We need a helper function to map NLTK's POS tags to WordNet's format for accurate lemmatization.

In [2]:
def get_wordnet_pos(word):
    """Map POS tag to first character lemmatize() accepts"""
    tag = nltk.pos_tag([word])[0][1][0].upper()
    tag_dict = {
        'J': wordnet.ADJ,
        'N': wordnet.NOUN,
        'V': wordnet.VERB,
        'R': wordnet.ADV
    }
    return tag_dict.get(tag, wordnet.NOUN)

## Main Preprocessing Function

This function combines all preprocessing steps: cleaning, tokenization, stemming, and lemmatization.

In [3]:
def preprocess_text(text):
    """Perform text preprocessing: cleaning, tokenization, stemming, and lemmatization"""
    # 1. Text Cleaning
    # Convert to lowercase
    text = text.lower()
    # Remove special characters and numbers
    text = re.sub(r'[^a-zA-Z\s]', '', text)

    # 2. Tokenization
    tokens = word_tokenize(text)

    # 3. Stemming
    stemmer = PorterStemmer()
    stemmed_words = [stemmer.stem(token) for token in tokens]

    # 4. Lemmatization
    lemmatizer = WordNetLemmatizer()
    lemmatized_words = [lemmatizer.lemmatize(token, get_wordnet_pos(token)) for token in tokens]

    return {
        'original': text,
        'tokens': tokens,
        'stemmed': stemmed_words,
        'lemmatized': lemmatized_words
    }

## Example Usage

Let's test our preprocessing function with a sample text and display the results.

In [9]:
# Sample text
sample_text = "The cats are running and jumping in the gardens and the gardens is good "

# Process the text
result = preprocess_text(sample_text)

# Display results
print("Original Text:", result['original'])
print("Tokens:", result['tokens'])
print("Stemmed Words:", result['stemmed'])
print("Lemmatized Words:", result['lemmatized'])
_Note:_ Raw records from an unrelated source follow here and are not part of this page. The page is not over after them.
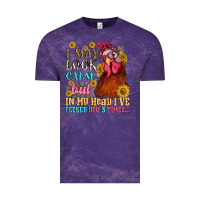 Cloud Purple i may look calm but in my head i pecked you three Vintage Tee - NancyCooperArtShop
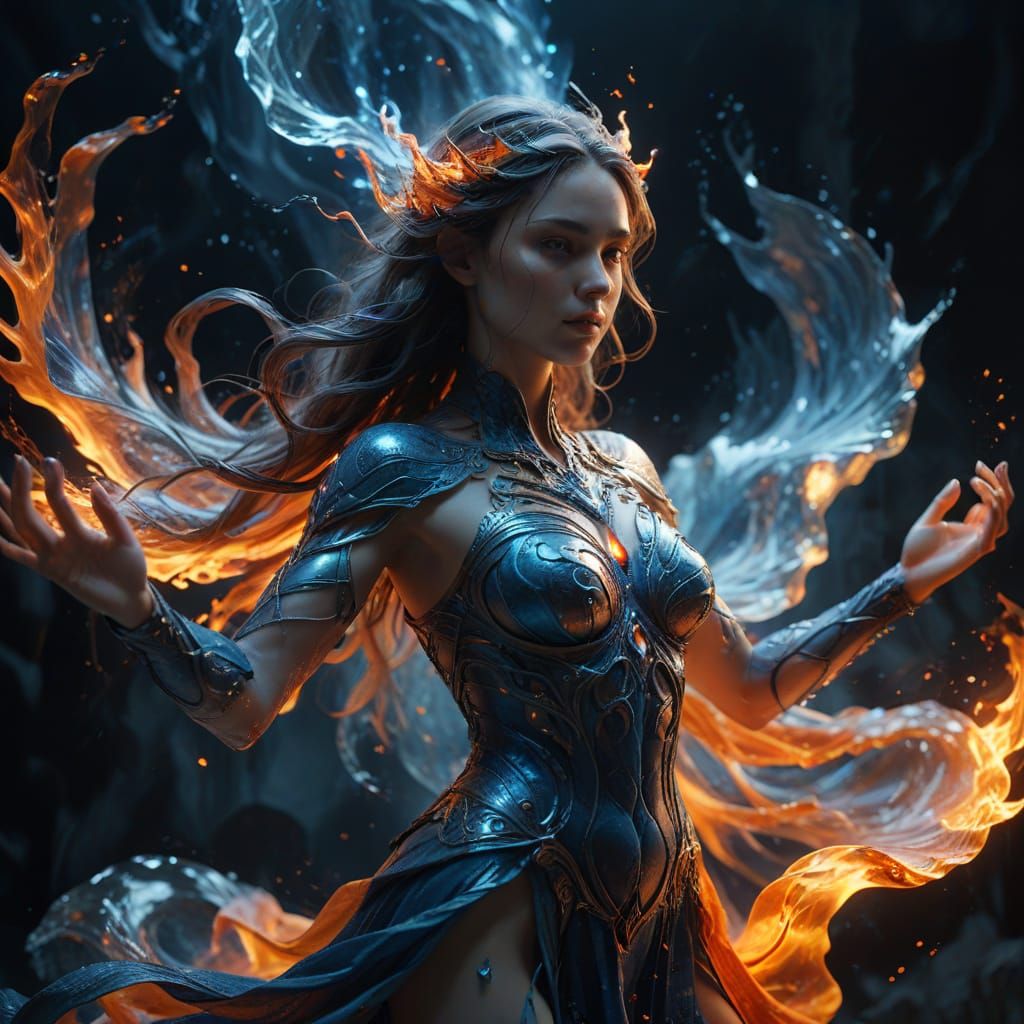 Goddess of Ice and Fire: Marble Sculpture with Elemental Mis...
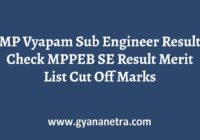 MP Vyapam Sub Engineer Result Merit List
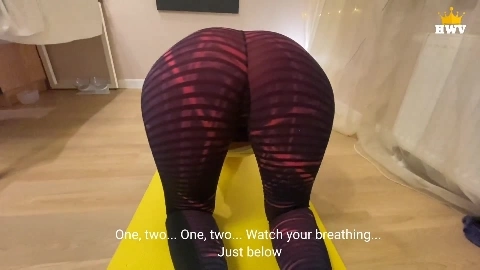 The wife is fucked by a yoga coach. While my husband was working in the next room - HotWife Vika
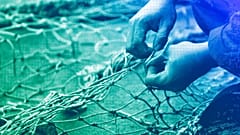 DOSSIER : Un membre de l'équipage du navire de pêche Sophie Louise II répare les filets déchirés sur le quai, à North Shields, dans le nord-est de l'Angleterre, en décembre 2007.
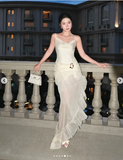 Gorgeous High Low Straps Ivory Chiffon Prom Dresses Formal Summer Wedding Guest Dresses Wedding Guest Outfits HZ1121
Original Text: the cats are running and jumping in the gardens and the gardens is good 
Tokens: ['the', 'cats', 'are', 'running', 'and', 'jumping', 'in', 'the', 'gardens', 'and', 'the', 'gardens', 'is', 'good']
Stemmed Words: ['the', 'cat', 'are', 'run', 'and', 'jump', 'in', 'the', 'garden', 'and', 'the', 'garden', 'is', 'good']
Lemmatized Words: ['the', 'cat', 'be', 'run', 'and', 'jumping', 'in', 'the', 'garden', 'and', 'the', 'garden', 'be', 'good']


## Explanation of Results

- **Original Text**: The cleaned, lowercase version of the input text.
- **Tokens**: The text split into individual words.
- **Stemmed Words**: Words reduced to their root form (e.g., 'running' → 'run').
- **Lemmatized Words**: Words converted to their dictionary form with proper POS tagging (e.g., 'running' → 'run', 'cats' → 'cat').

This preprocessing pipeline is a foundation for many NLP applications. You can extend it by adding stop word removal, n-grams, or other techniques depending on your specific use case.